Percorrendo le gremite calli di Rialto, è possibile imbattersi nell’Osteria “Il diavolo e l’acqua santa”, trafficata tanto da clienti abituali quanto da turisti incuriositi dal suo aspetto rustico. In armonia con l’atmosfera di questo piccolo ristorante, nasce una spontanea necessità di conoscere l’origine e la storia delle locali tradizioni culinarie.

È mezzogiorno quando un uomo comincia a raccontarmi con passione la storia dello “Spritz e Cicchetto”, noto cliché della cultura veneziana. L’aneddoto vuole che la comparsa di questa bevanda sia merito dei militari austriaci, i quali, durante l’invasione napoleonica tra Venezia e Pordenone, non riuscendo a bere il vino friulano “Malvasia” (per loro troppo forte), solevano diluirlo con lo Spritzen (dal tedesco, “spruzzare”), dell’acqua molto frizzante localmente chiamata “Seltz”. Da ciò, il dialetto veneziano convenne il nome di questa mistura per come ora è diffuso: “Spritz”.

Con il tempo la bevanda venne rivisitata, dando adito all’adattamento con il Campari, ed in seguito -esattamente a Murano nei primi anni del Novecento- all’aperitivo in versione Select o Cynar (con aggiunta di una fettina di limone). Quest’ultima rimase accreditata fino a circa vent’anni fa quando lo Aperol sostituì il Select, con l’obiettivo di evolvere la natura dello Spritz, trasformandolo in cocktail (dunque alleggerendolo, e stando al parere dei veneziani odierni, “ruìnando ànca quél poco de vin”). Nell’alveo del Novecento lo Aperol Spritz veniva servito soprattutto alle donne (essendo meno alcolico), e veniva consumato d’estate in quanto è molto rinfrescante. 

Così come avviene con il consumo rituale dello Spritz, è in uso sorseggiare al bàcaro “l’ombra de vin”, ovvero del buon vino, e assaporare il “cicheto”, cioè delle piccole porzioni di prelibatezze locali. I veneziani attribuirono al vino fresco la denominazione “ombra” poiché i vinai di Piazza San Marco solevano spostare le proprie botti per giovare ad ogni ora dell’ombra tracciata dal Campanile, con il fine ultimo di preservare la freschezza del vino.
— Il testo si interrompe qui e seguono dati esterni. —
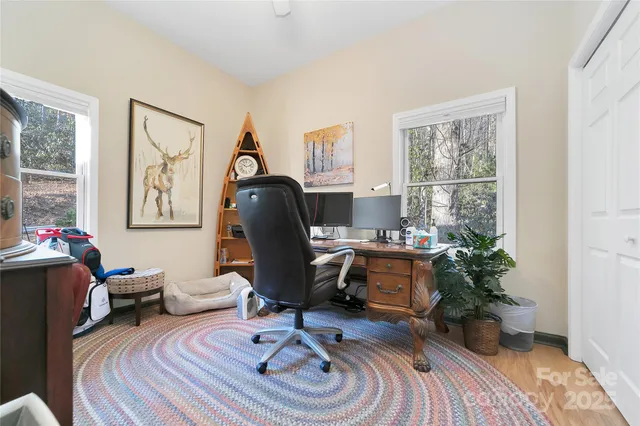 a very nice looking living room with furniture and a large window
L’accompagnamento perfetto, sia per Spritz che per l’ombra, è il cicchetto, la cui etimologia proviene dal latino “cicus” (“piccolo”). Stando alla tradizione, per essere tale, il cicheto doveva essere una piccola porzione cotta di trippa, o di sanguetto, o di rumegal (carotide di bue lessa) o di spienza (milza). Successivamente anche il cicheto ha conosciuto un’evoluzione di sapori e di modalità di cottura. Al giorno d’oggi è possibile trovare il chiceto dibaccalà mantecato e anche dei fritti.